§ **Exercise goal**:
What the task requires is an exact printout of the listing below, pictures excluded.

§ **Dataset section**:
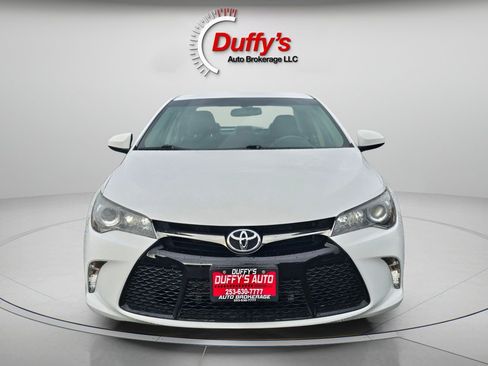 Used 2016 Toyota Camry SE image 11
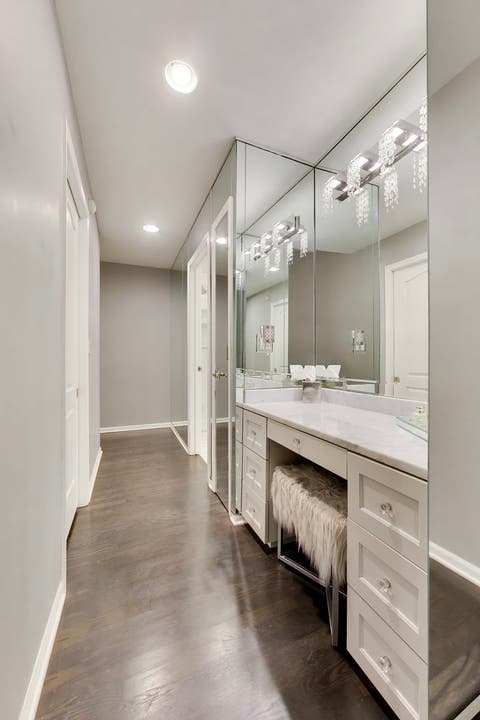 Tiny photo for 905 Villas Court, Highland Park, IL 60035 (MLS # 12708105)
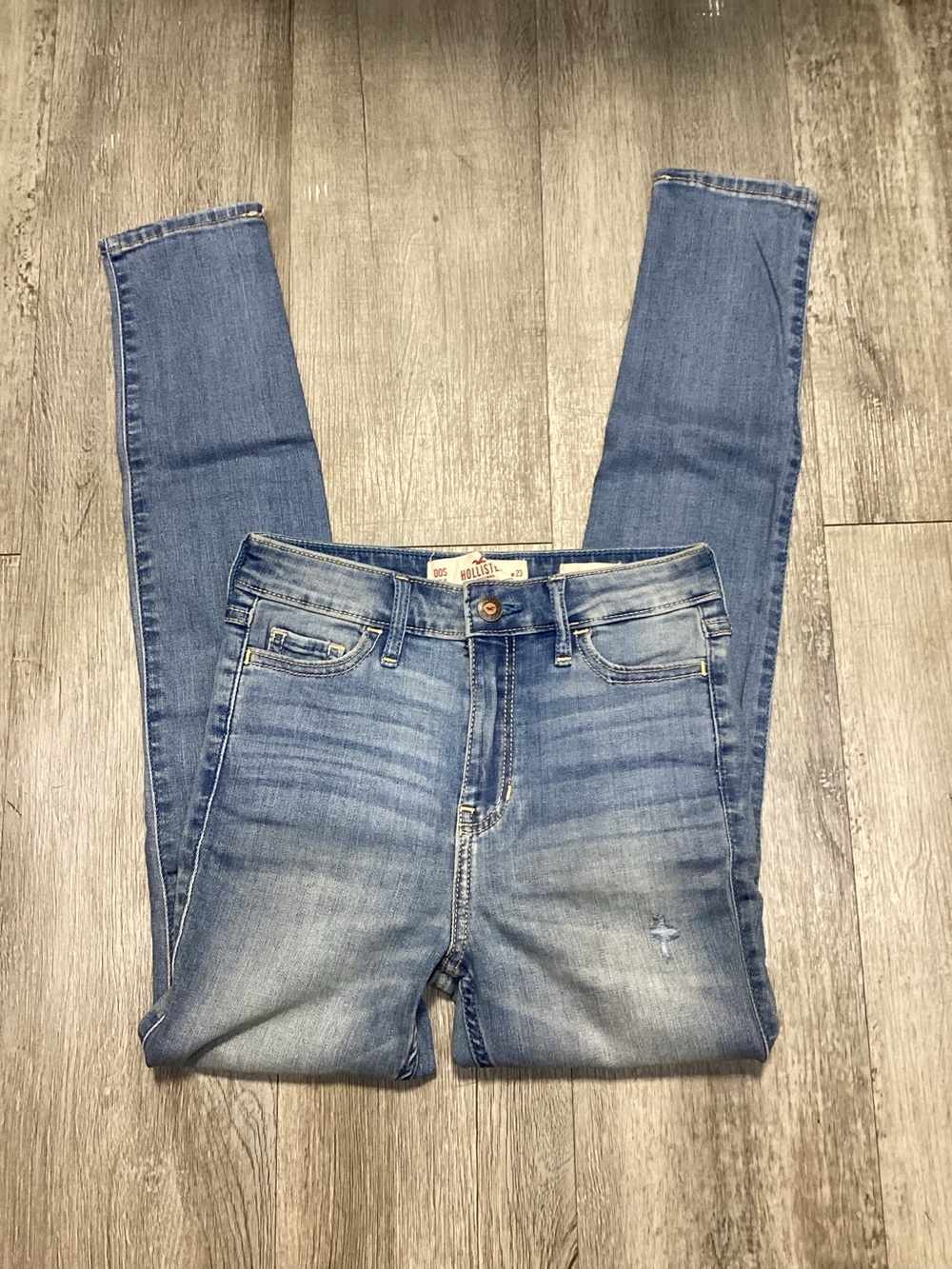 Girls Distressed Hollister Skinny Jeans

§ **Response for this exercise**:
 Used 2016 Toyota Camry SE image 11
 Tiny photo for 905 Villas Court, Highland Park, IL 60035 (MLS # 12708105)
 Girls Distressed Hollister Skinny Jeans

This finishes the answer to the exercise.